__ACTIVITY__
From the entries that follow, reproduce exactly and only the lines from the line with "Прибытие Иоахима Стиллера трейлер (1976)" to the line with "升學(xué)e網(wǎng", endpoints included.

__INPUT DATA__
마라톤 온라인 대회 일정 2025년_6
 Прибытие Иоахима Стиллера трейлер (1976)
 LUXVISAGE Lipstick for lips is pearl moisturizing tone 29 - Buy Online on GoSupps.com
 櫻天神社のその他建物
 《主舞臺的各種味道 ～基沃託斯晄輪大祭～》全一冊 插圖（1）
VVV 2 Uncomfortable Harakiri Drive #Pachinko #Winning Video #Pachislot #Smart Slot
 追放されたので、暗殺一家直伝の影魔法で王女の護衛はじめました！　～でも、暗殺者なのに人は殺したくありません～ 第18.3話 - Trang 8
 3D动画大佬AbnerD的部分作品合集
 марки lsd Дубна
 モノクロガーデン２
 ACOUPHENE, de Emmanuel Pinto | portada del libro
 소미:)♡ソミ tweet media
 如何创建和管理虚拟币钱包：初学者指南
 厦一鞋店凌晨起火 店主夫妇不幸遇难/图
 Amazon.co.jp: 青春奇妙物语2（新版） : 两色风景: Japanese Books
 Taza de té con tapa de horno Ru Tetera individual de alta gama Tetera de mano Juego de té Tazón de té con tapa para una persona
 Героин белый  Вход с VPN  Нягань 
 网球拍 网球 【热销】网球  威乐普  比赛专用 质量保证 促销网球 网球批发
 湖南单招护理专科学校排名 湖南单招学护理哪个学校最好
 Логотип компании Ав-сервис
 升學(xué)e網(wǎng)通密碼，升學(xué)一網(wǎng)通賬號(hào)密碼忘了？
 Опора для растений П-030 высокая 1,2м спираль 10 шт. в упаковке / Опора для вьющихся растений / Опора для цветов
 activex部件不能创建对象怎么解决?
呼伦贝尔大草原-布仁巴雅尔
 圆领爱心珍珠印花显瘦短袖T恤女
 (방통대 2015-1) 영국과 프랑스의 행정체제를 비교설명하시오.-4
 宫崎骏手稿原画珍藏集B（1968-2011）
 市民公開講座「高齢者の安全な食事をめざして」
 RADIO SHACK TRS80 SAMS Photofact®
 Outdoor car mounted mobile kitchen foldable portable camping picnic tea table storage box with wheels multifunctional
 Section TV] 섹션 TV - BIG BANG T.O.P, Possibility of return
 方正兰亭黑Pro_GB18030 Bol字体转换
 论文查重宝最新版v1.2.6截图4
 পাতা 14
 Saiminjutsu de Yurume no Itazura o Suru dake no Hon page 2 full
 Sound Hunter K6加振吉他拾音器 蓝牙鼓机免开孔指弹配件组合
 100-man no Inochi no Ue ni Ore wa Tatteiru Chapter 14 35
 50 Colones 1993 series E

__OUTPUT FOR THIS EXERCISE__
 Прибытие Иоахима Стиллера трейлер (1976)
 LUXVISAGE Lipstick for lips is pearl moisturizing tone 29 - Buy Online on GoSupps.com
 櫻天神社のその他建物
 《主舞臺的各種味道 ～基沃託斯晄輪大祭～》全一冊 插圖（1）
VVV 2 Uncomfortable Harakiri Drive #Pachinko #Winning Video #Pachislot #Smart Slot
 追放されたので、暗殺一家直伝の影魔法で王女の護衛はじめました！　～でも、暗殺者なのに人は殺したくありません～ 第18.3話 - Trang 8
 3D动画大佬AbnerD的部分作品合集
 марки lsd Дубна
 モノクロガーデン２
 ACOUPHENE, de Emmanuel Pinto | portada del libro
 소미:)♡ソミ tweet media
 如何创建和管理虚拟币钱包：初学者指南
 厦一鞋店凌晨起火 店主夫妇不幸遇难/图
 Amazon.co.jp: 青春奇妙物语2（新版） : 两色风景: Japanese Books
 Taza de té con tapa de horno Ru Tetera individual de alta gama Tetera de mano Juego de té Tazón de té con tapa para una persona
 Героин белый  Вход с VPN  Нягань 
 网球拍 网球 【热销】网球  威乐普  比赛专用 质量保证 促销网球 网球批发
 湖南单招护理专科学校排名 湖南单招学护理哪个学校最好
 Логотип компании Ав-сервис
 升學(xué)e網(wǎng)通密碼，升學(xué)一網(wǎng)通賬號(hào)密碼忘了？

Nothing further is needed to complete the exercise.